# Please help its urgent Soundmagic es 18 or Denon AH C260



## Jay1234 (Jan 29, 2014)

Its urgent cos I am going to Nainital tomorrow so want earphones so that I can listen music while travelling I have been using Soundmagic Es 18 for like 6 months but yesterday my maid washed my jeans and earphones were in my pocket so they ain't working...  I want new pair of earphones should I go for ES 18 or buy denon AH C260 I am not considering cowon EM1 cos build quality is not a concern for me....  Would AH C260 be any better, any one who have used both?


----------



## happy17292 (Jan 29, 2014)

Jay1234 said:


> Its urgent cos I am going to Nainital tomorrow so want earphones so that I can listen music while travelling I have been using Soundmagic Es 18 for like 6 months but yesterday my maid washed my jeans and earphones were in my pocket so they ain't working...  I want new pair of earphones should I go for ES 18 or buy denon AH C260 I am not considering cowon EM1 cos build quality is not a concern for me....  Would AH C260 be any better, any one who have used both?



I have used es18 for 10months and i'm using denon ahc260 since last 15 days or so.

I'm not an audiophile but i felt that denon has slightly better sound quality at the cost of slightly less bass (its still a bass heavy iem)

Es18 were more comfortable and isolation was slightly better too.


----------



## Jay1234 (Jan 29, 2014)

Should I spend 300 INR extra on denon?? Is it worth it?. Confused


----------



## happy17292 (Jan 29, 2014)

Jay1234 said:


> Should I spend 300 INR extra on denon?? Is it worth it?. Confused



No idea as I'm Still not sure if it was worth upgrading over es18 

If you're basshead and dont care about music quality, muffled mids etc.
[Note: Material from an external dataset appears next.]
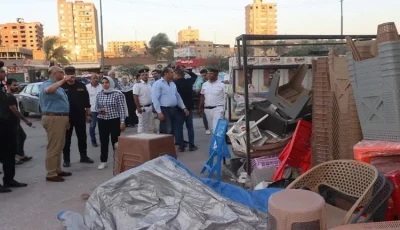محافظ القليوبية يتولى قيادة حملة لرفع المخالفات في منطقة شرق شبرا الخيمة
Then es18 is better imo as it provides better seal too

Difference in sound quality was difficult to notice but es18 did provided more bass compared to ahc260.

But then again, i'm not expert with senstive ears so might be wrong


----------



## samudragupta (Jan 29, 2014)

Jay1234 said:


> Should I spend 300 INR extra on denon?? Is it worth it?. Confused



what genre will you be listening to? denon's will be a bill more bassy...


----------